NRM: I lived in New York for over a decade, spending nearly all of my 20s in the art ‘scene’ there, therefore I’m not sure if I am yet at all able to provide any real comparison to the Berlin scene, which I have really only been experiencing for less than a year. While I don’t think that many cities can compare to the international quality of the New York scene, a difference that I have noted is that while the forces of the capital are overwhelmingly present and influential in New York, the Berlin scene appears more directed by state/singular funding sources, which dictate the direction and overall interests of the season. What has inspired me the most about Berlin has been meeting the many artists who live in this city, sharing their work, and being able to imagine a way of collaboration in a much more free way than what is possible in New York, in which most activities are centered around a concern for a profit or popularity margin.
MB: It is very inspiring that the curatorial team of the 10th Berlin Biennale has managed to combine politics with poetry. You comprehend the message of many works without knowing all the details and backgrounds. Themes such as colonialism and oppression characterize the style of the exhibition venues – without a moral pointing finger, but with different artistic worlds partly involving the viewer.

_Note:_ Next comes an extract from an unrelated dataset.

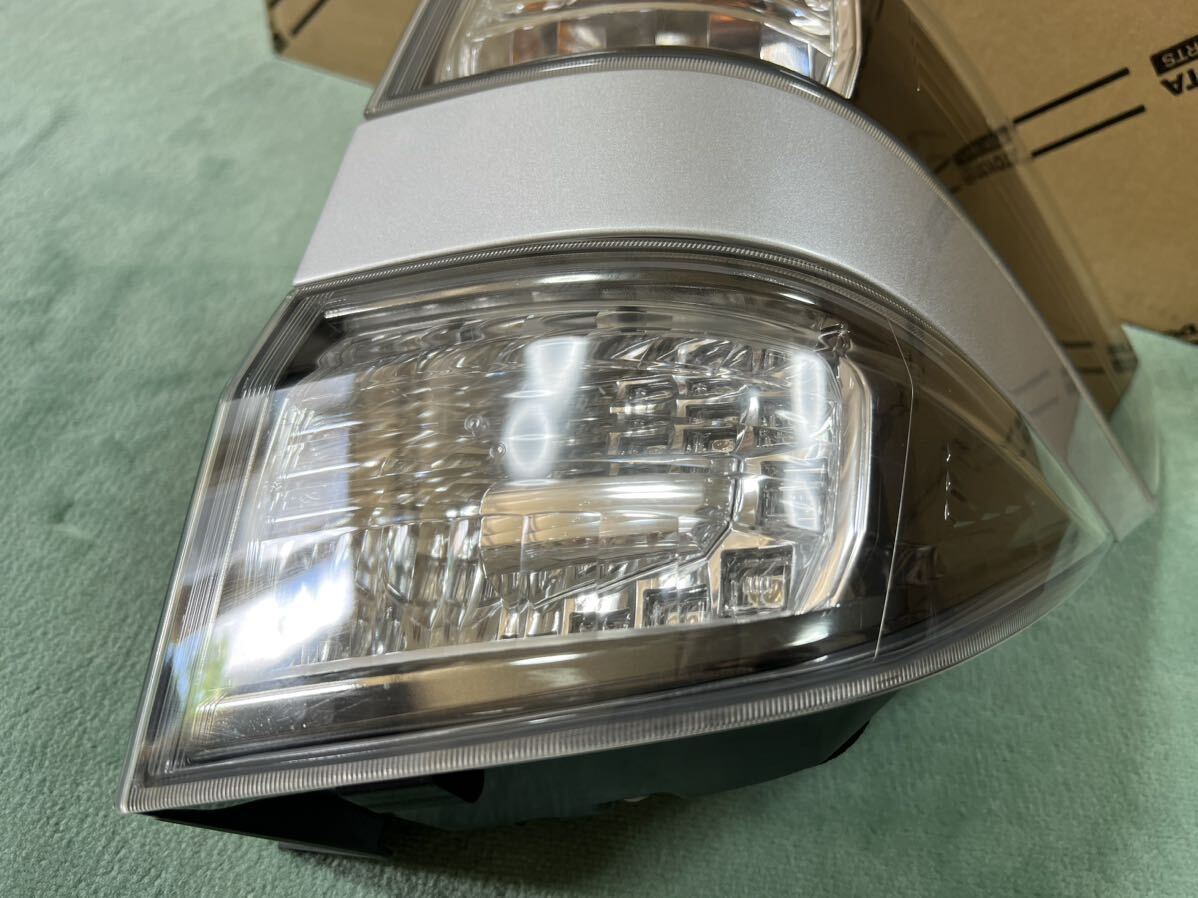 送料無料 特価 ヴェルファイア 20 前期 後期 純正 LED 送料無料 特価 ヴェルファイア 20 前期 後期 純正 LED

For example, The participatory performance of Okwui Okpokwasili and Peter Born in the Kunst Werke, which deals with one of the most important women’s protests in the world, incorporates the viewer, asks them questions that in a next step link them to lyrics or songs. Can this be understood as a work in progress, as a new story?
NRM: Okwui Okpokwasili and Peter Born’s project, Sitting on a Man’s Head (2018) was a newly commissioned work for the 10th Berlin Biennale, however it is the result of ongoing research that far predates their involvement with the biennale. Okwui’s research into this practice, and its implementation in the early 20th century in Nigeria, informed earlier performance productions, such as Poor People’s TV Room. However, this specific iteration, which we produced for the biennale was really only possible within the context of an ongoing exhibition. Also, the ongoing participation of both activators and audience members, which is so integral to the piece, is also reflective of the ongoing nature of protest and its resultant possibilities of change.
MB: In the Academy of Arts, Firelei Baez shows her version of Sanssouci. Sanssouci as a former ruler and today’s artistic desire place? What is the story of the Haitian Sanssouci and what do we learn from it? What message does Firelei Baez attach to her work?
NRM: I think this question can best be answered through reading the beautiful essays that Portia Malatjie wrote about Firelei’s Sanssouci project in the biennale catalogue and exhibition guide. Portia’s essay clearly explains the importance of the Haitian Sanssouci and of the Haitian Revolution, not only within Firelei’s practice and this biennale, but also as a model for the necessary changes that need to occur. Firelei insists that by layering or ‘triangulating’ histories, one is able to open up a third space of enunciation – one of possibility.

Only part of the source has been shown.